[Beowulf] Avoiding/mitigating fragmentation of systems by small jobs?

Fri Jun 8 23:54:19 PDT 2018

On Saturday, 9 June 2018 12:16:16 AM AEST Paul Edmon wrote:

> Yeah this one is tricky.  In general we take the wildwest approach here, but
> I've had users use --contiguous and their job takes forever to run.

:-)

> I suppose one method would would be enforce that each job take a full node
> and parallel jobs always have contiguous.

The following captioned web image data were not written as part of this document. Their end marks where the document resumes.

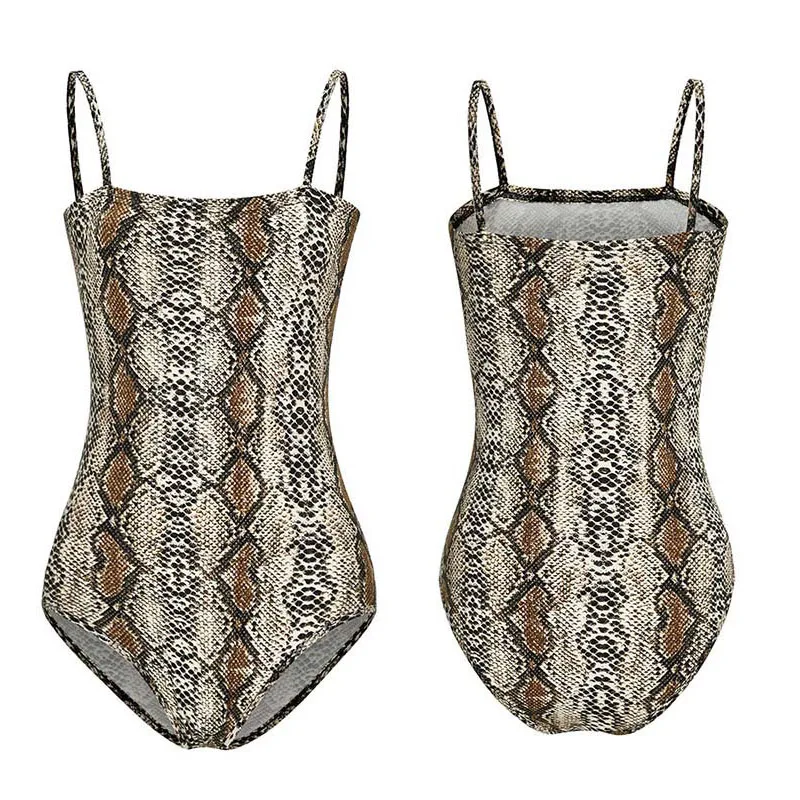 Женское боди с леопардовым принтом ADEWEL сексуальное без рукавов Новинка лета 2019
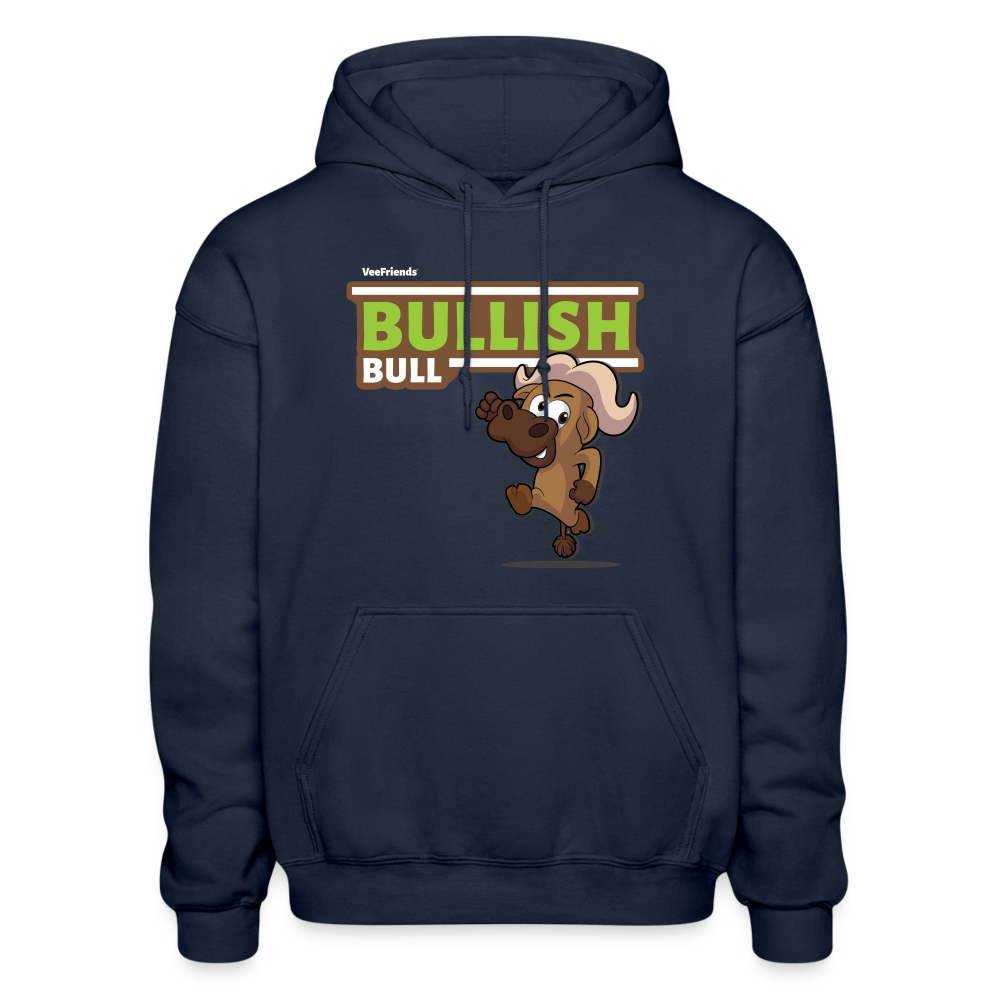 
            
                Load image into Gallery viewer, Bullish Bull Character Comfort Adult Hoodie - navy
            
        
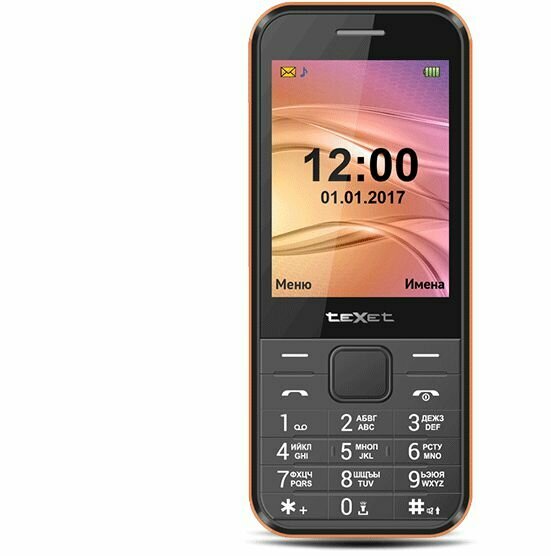 Телефон TeXet TM-302 черный/красный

For us that would be wasteful though if their job can only scale to a small 
number of cores.

> As I recall Slurm will
> preferentially fill up nodes to try to leave as large of contiguous blocks
> as it can.

That's what I thought, but I'm not sure that's actually true.  In this Slurm 
bug report one of the support folks says:

https://bugs.schedmd.com/show_bug.cgi?id=3505#c16

# After the available nodes and cores are identified, the _eval_nodes()
# function is not preferring idle nodes, but sequentially going through
# the lowest weight nodes and accumulating cores.

> The other other option would be to use requeue to your advantage.  Namely
> just have a high priority queue only for large contiguous jobs and it just
> requeues all the jobs it needs to to run.  That would depend on your single
> node/core users tolerances for being requeued.

Yeah, I suspect with the large user base we have that's not much of an option.  
This is one of the times where migration of tasks would be really handy.  It's 
one of the reasons I was really interested with the last presentation about 
the Spanish group working on DMTCP checkpoint/restart at the Slurm User Group 
last year which claims to be able to do a lot of this:

https://slurm.schedmd.com/SLUG17/ciemat-cr.pdf

cheers!
Chris
-- 
 Chris Samuel  :  http://www.csamuel.org/  :  Melbourne, VIC